When Products Fail

When products fail, we start to wonder

Spectacular failures tend to attract much attention. It is simple curiosity as to why it happened and why something was not done to prevent it. One such event was the engine fire on a Boeing 777 flight over Denver in February 2021. This was documented with a video shot from within the plane. The front of the engine is all shattered, the back of the engine is on fire, and later reports showed parts of the engine scattered over somebody’s backyard. Early reports stipulate metal fatigue of one of the engine’s blade which caused it to break off within the engine as the cause of the fire.

Designing for the one-off failure

There are two key questions to ask: How was it possible for this to happen and, how was it possible for the plane to land safely? I asked a friend who is an experienced jet engine designer. He said the answer is simple: engineers did predict this type of a failure, did study the possible consequences, and did design the rest of the plane so that it could respond appropriately, and the pilots were trained on how to react. He knows that because the plane landed safely with nobody being injured. In other words, the system worked as designed.

He then explained that a failure like this is always considered in two ways: how to prevent failure of the part, and how the rest of the design needs to respond in case of such failure. He said one needs to think of a system instead of a product and follow the following steps:

The structural integrity and lifespan of the part (the blade) are studied using simulations and physical tests making sure that failures cannot occur within the 3-sigma of the operational space.
The surrounding structure (the engine) of the part is purposefully designed to carry the physical and functional load of the part in case it fails.
The system within which this structure exists (the plane) is designed to function in case of a total failure of that structure.
Planning for human intervention (depot maintenance procedures and pilot training) is made part of each design decision.

He also pointed out that this entire decision process is based on the Baysian probability of a failure (look it up, I had to…) because one cannot crash a plane to know what that probability really is. And that the safety factors/margins are huge by design; for example, Boeing 777 is designed to fly half of its scheduled journey even if both engines fail since that half is the furthest possible distance to the closet airport.

So, while some failures may look like spectacular failures of engineering, taking a system approach to the design turns that interpretation on its head—that engine failure was in fact a great success of a system design. What apparently failed is a sufficient frequency of the blade inspections to compensate for the shortcomings of the predictive simulations during the design of the part and the Baysian probability approach.

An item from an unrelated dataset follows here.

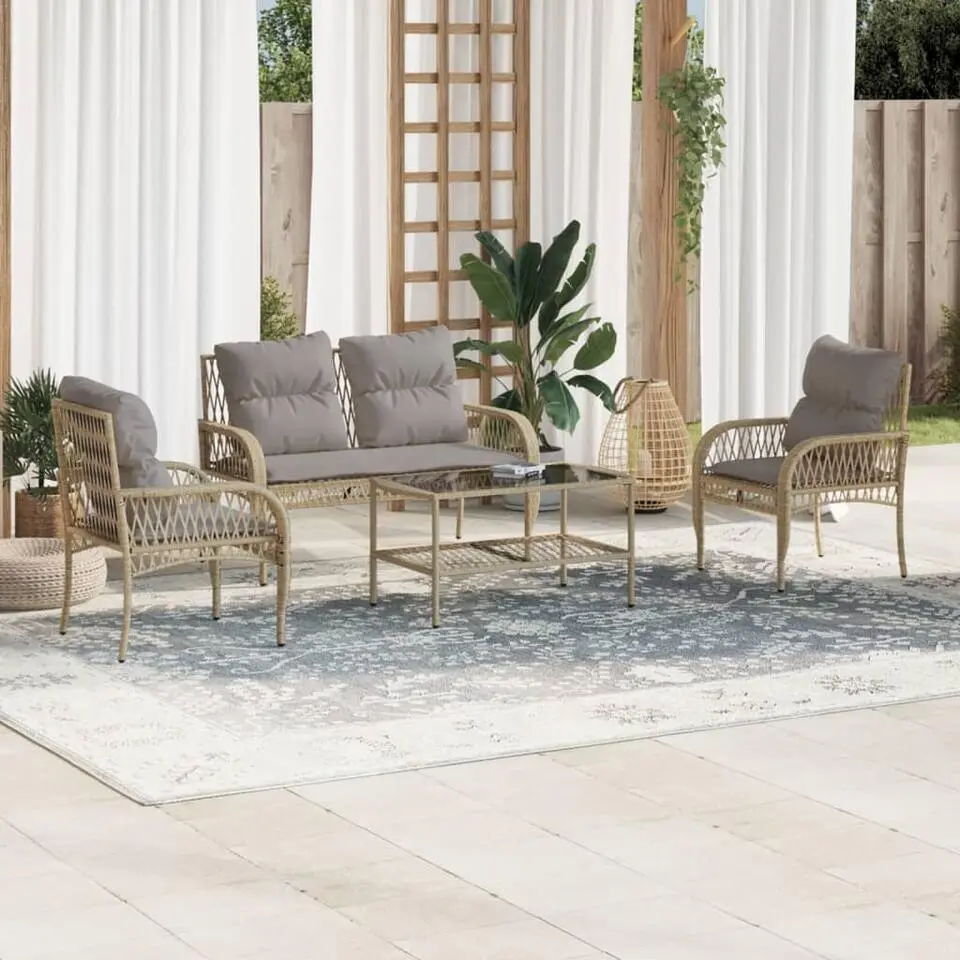 vidaXL - Loungeset - Beige - Poly rattan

Designing for the certain failure

There are situations in which the product is expected to encounter a catastrophic event. This came up during a discussion I had about fighter jets and the threat of heat seeking missiles. The plane cannot outrun the missile and the engine cannot be shut-off to hide its heat. And if the missile does not destroy the plane at the instant of the explosion it will likely cause catastrophic damage to the engine and the plane’s hydraulic and electronic controls. It is a no-win situation. But is it?

Apparently, this was debated without resolution until somebody stepped back and looked at the problem as a system of systems: a missile, an engine, and the interaction between the two. If something could be done to neutralize the negative effects of the explosion, then it would not matter if the explosion occurred. And there are only two such negative effects: explosion shock wave and missile debris.

The result was a conceptual design of a jet engine whose hypersonic thrust was sufficient to eject the debris and the shock wave before they could reach the internal parts of the engine. Brilliant! I cannot tell how far this concept has been taken in practice, but I do not recall too many US jet fighters being lost in a war for a long time. Again, a system approach to design transformed the certainty of a failure into a success.

Conclusion

Not all product failures are unavoidable, but most are predictable and Systems Thinking has proven to be very effective identifying and mitigating their impact. The key is to start with a system-of-systems model that accounts for the emergent behaviors between the systems (with a known or a Baysian probability)—and make that the start of a digital thread. That thread is key to tracing failure patterns against a history of the design (requirements, simulations, implementation domains, changes, etc.) and correcting the related assumptions in the system definition or any other parts of what the thread connects. It is also critical to relating input from the field (ex: IoT) to the proper digital twin of a serialized asset that accounts for all maintenance and modification activities after it left manufacturing.